I'm trying to generate AXI bus burst accesses using STM/LDM instructions in inline assembly in .c file compiled with ARM Compiler 5 armcc.
inline void STMIA2(uint32_t addr, uint32_t w0, uint32_t w1)
{
__asm {
STMIA addr!, { w0, w1 }
}
}
But ARM Compiler armcc User Guide, paragraph 7.18 is saying: "All LDM and STM instructions are expanded into a sequence of LDR and STR instructions with equivalent effect. However, the compiler might subsequently recombine the separate instructions into an LDM or STM during optimization."
And that is what really happens in practice, LDM/STM are expanded into a set of LDR/STR in some cases and order of these instuctions is arbitrary. This affects performance since HW we use optimized for bursts processing. Also this breaks functional correctness because HW we use takes into consideration sequence of words and ignores offsets (but compiler think that it's safe to change the order of instructions).
To resolve this it's possible to use embedded assembler instead of inline assembler, but this leads to extra function calls-returns what affects performance.
So I'm wondering if there is a way to generate LDM/STM properly without losing performance? We were able to do this in GCC, but didn't find any solution for armcc.

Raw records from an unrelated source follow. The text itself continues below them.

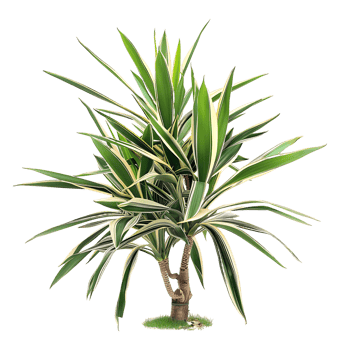 Pandanus Baptistii Variegata Bush Isolated on Clear Background png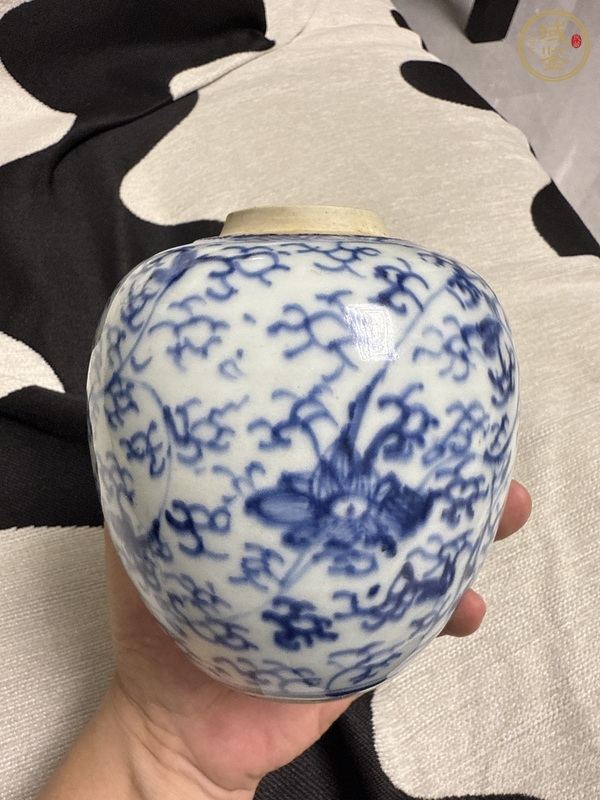 古玩陶瓷清雍正青花纏枝蓮紋罐真品鑒賞圖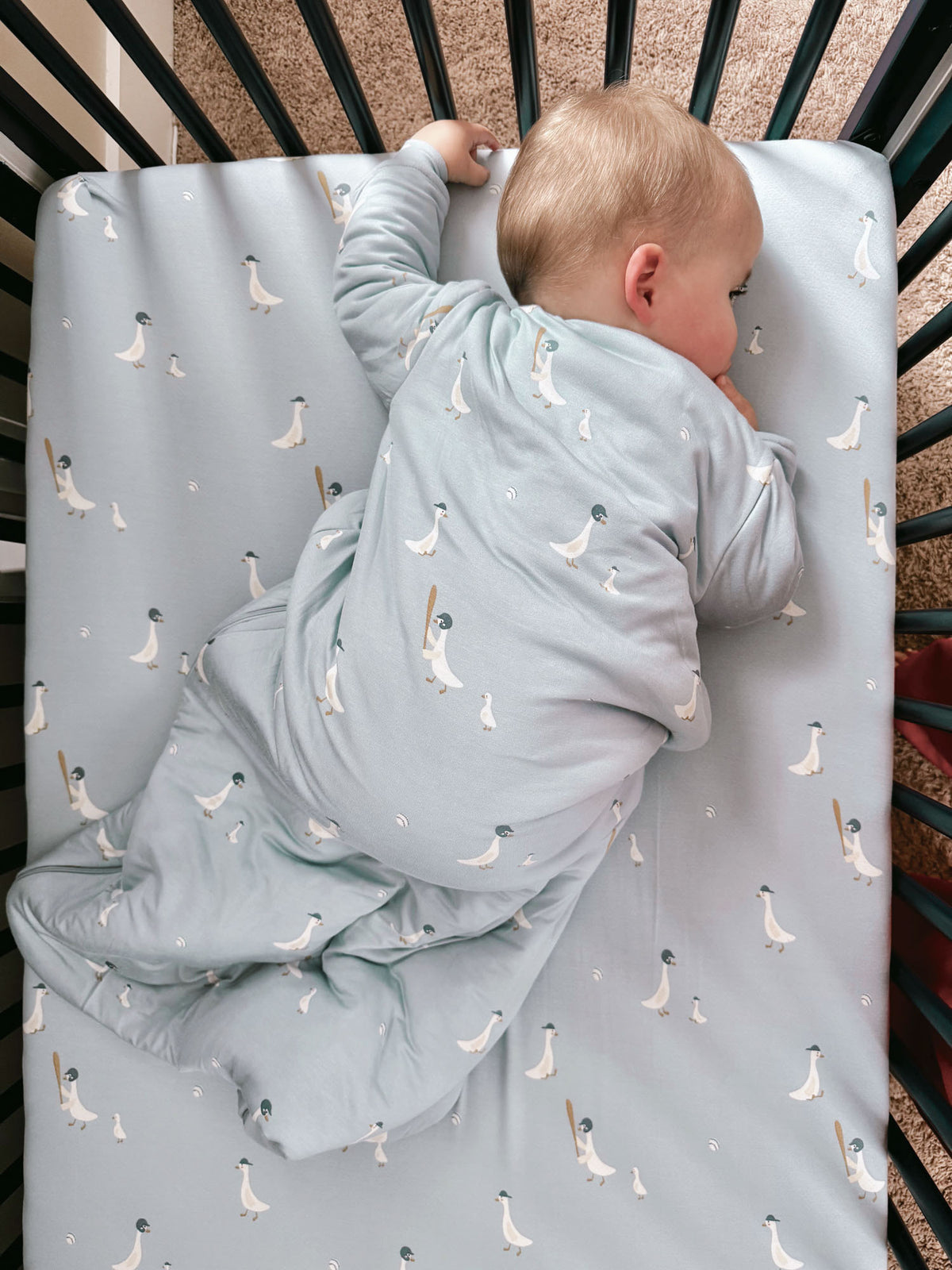 Light blue baby sleep sack with goose pattern, open back view; long sleeves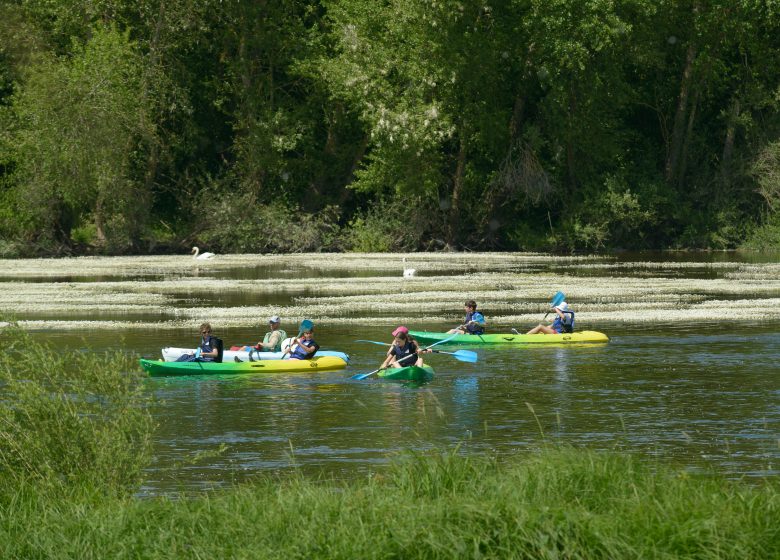 Canoë-kayak à Montjean-sur-Loire avec Pagaies de Loire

Target CPU: Cortex M0+ (ARMv6-M).
Edit: Slave devices are all on-chip devices, most of them are non-memory devices. For every register of non-memory slave that supports burst access region of address space is reserved (for example [0x10000..0x10100]), I'm not completely sure why, maybe CPU or bus doesn't support fixed (non-incremental) addresses. HW ignores offsets within this region. Full request can be 16 bytes for example and first word of the full request is first word written (even if offset is non-zero).